* _EXERCISE DESCRIPTION_
Write out, please, each line from the one containing "Vehículos de asistencia" to the final line of the data, both included, exactly and without pictures.

* _ENTRIES PROVIDED_
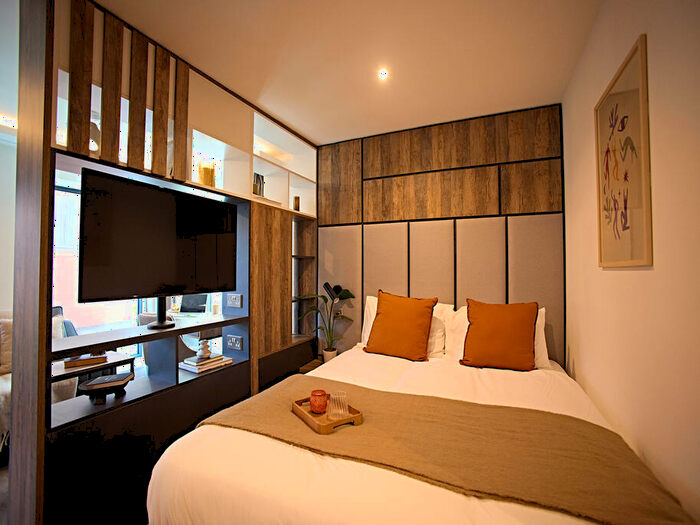 Apartment To Rent In Apt, Live Oasis St Albans Place #, LS2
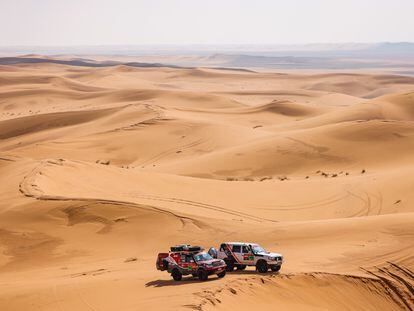 Vehículos de asistencia de Sodicars durante la tercera etapa del Rally Dakar en Arabia Saudí.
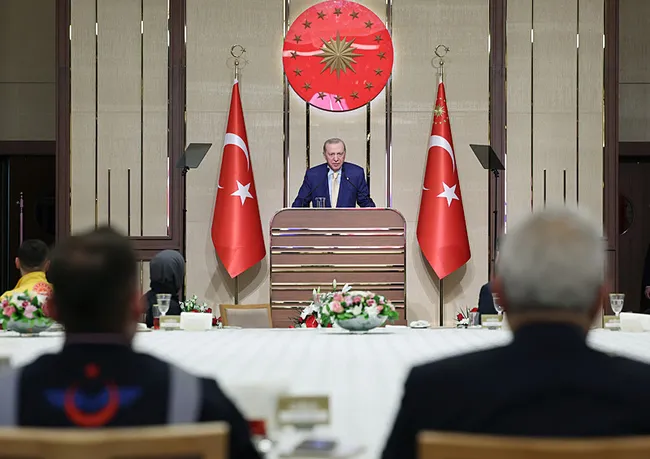 SON DAKİKA | Başkan Erdoğan'dan katil İsrail'e sert tepki: Gazzeli kardeşlerimiz imanlarıyla örnek oluyor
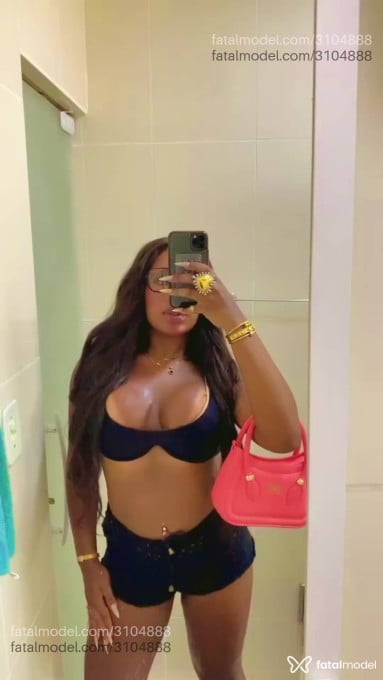 Acompanhante mulher trans com cabelo castanho de olhos verdes em São Paulo - Larih Bol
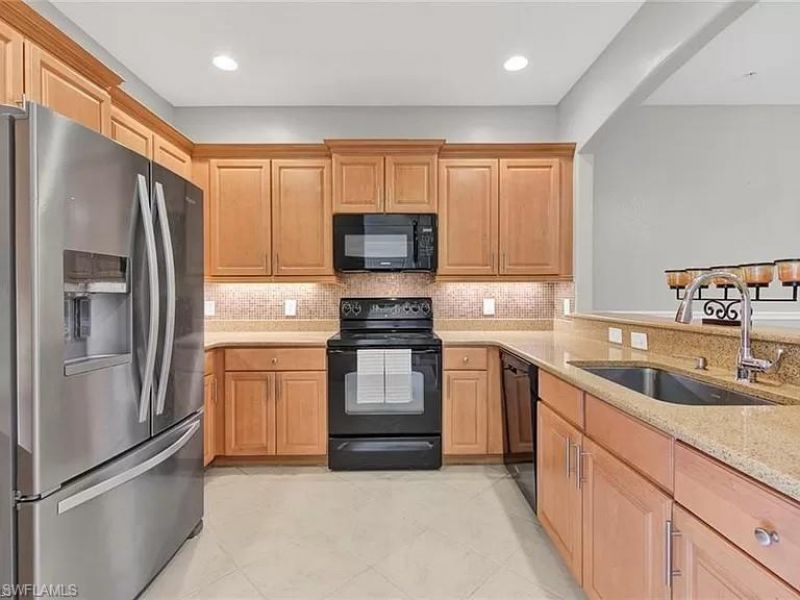 4400 Lazio Way, Unit 202, Fort Myers, FL 33901 Photo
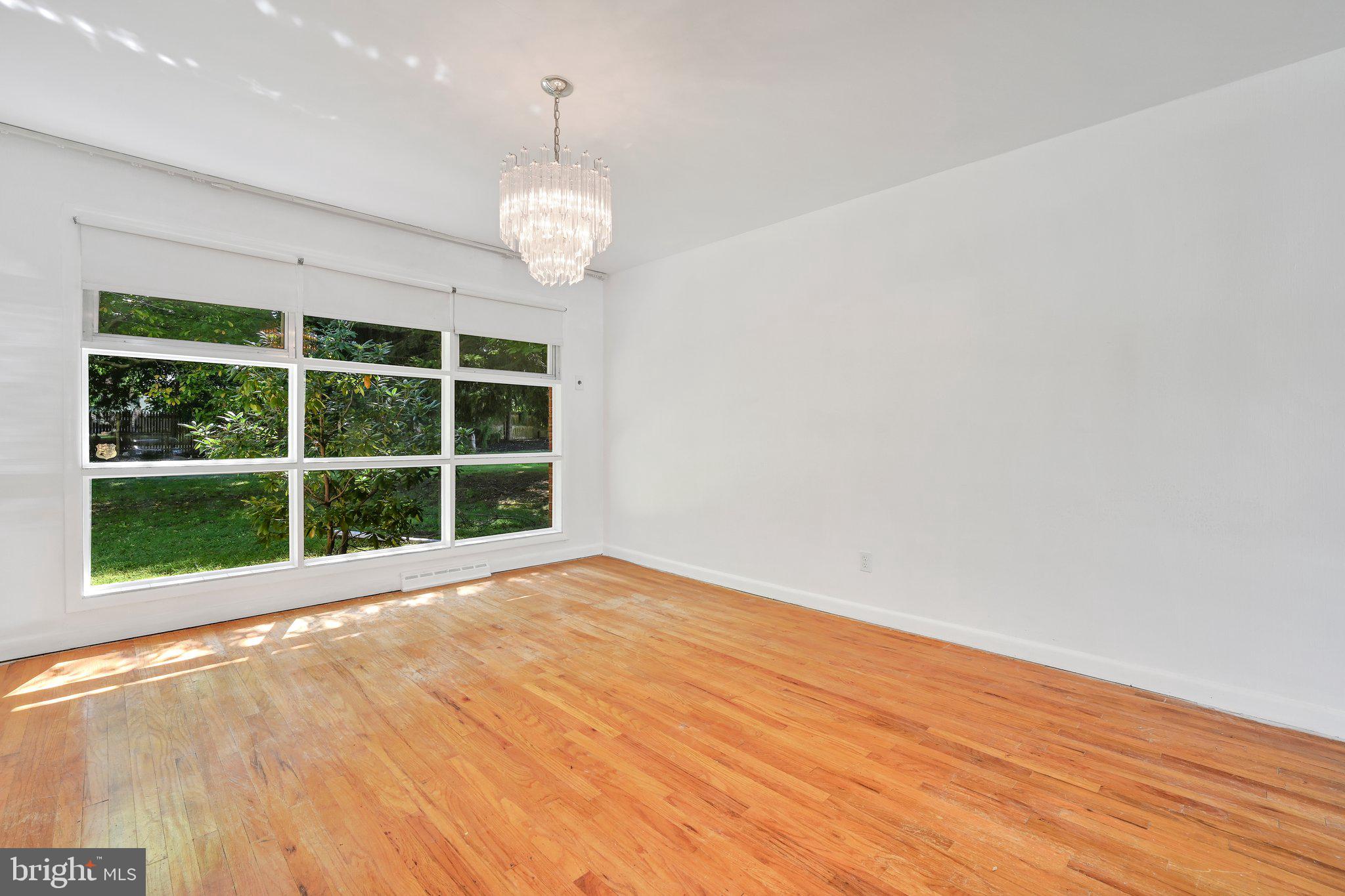 1155 Ballytore Road Huntingdon Valley, PA 19006 - Photo 5 of 28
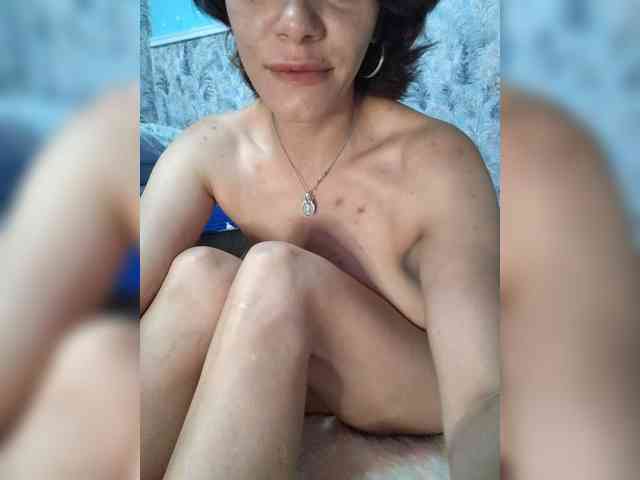 Lois-Lorrie webcam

* _PROBLEM SOLUTION_
 Vehículos de asistencia de Sodicars durante la tercera etapa del Rally Dakar en Arabia Saudí.
 SON DAKİKA | Başkan Erdoğan'dan katil İsrail'e sert tepki: Gazzeli kardeşlerimiz imanlarıyla örnek oluyor
 Acompanhante mulher trans com cabelo castanho de olhos verdes em São Paulo - Larih Bol
 4400 Lazio Way, Unit 202, Fort Myers, FL 33901 Photo
 1155 Ballytore Road Huntingdon Valley, PA 19006 - Photo 5 of 28
 Lois-Lorrie webcam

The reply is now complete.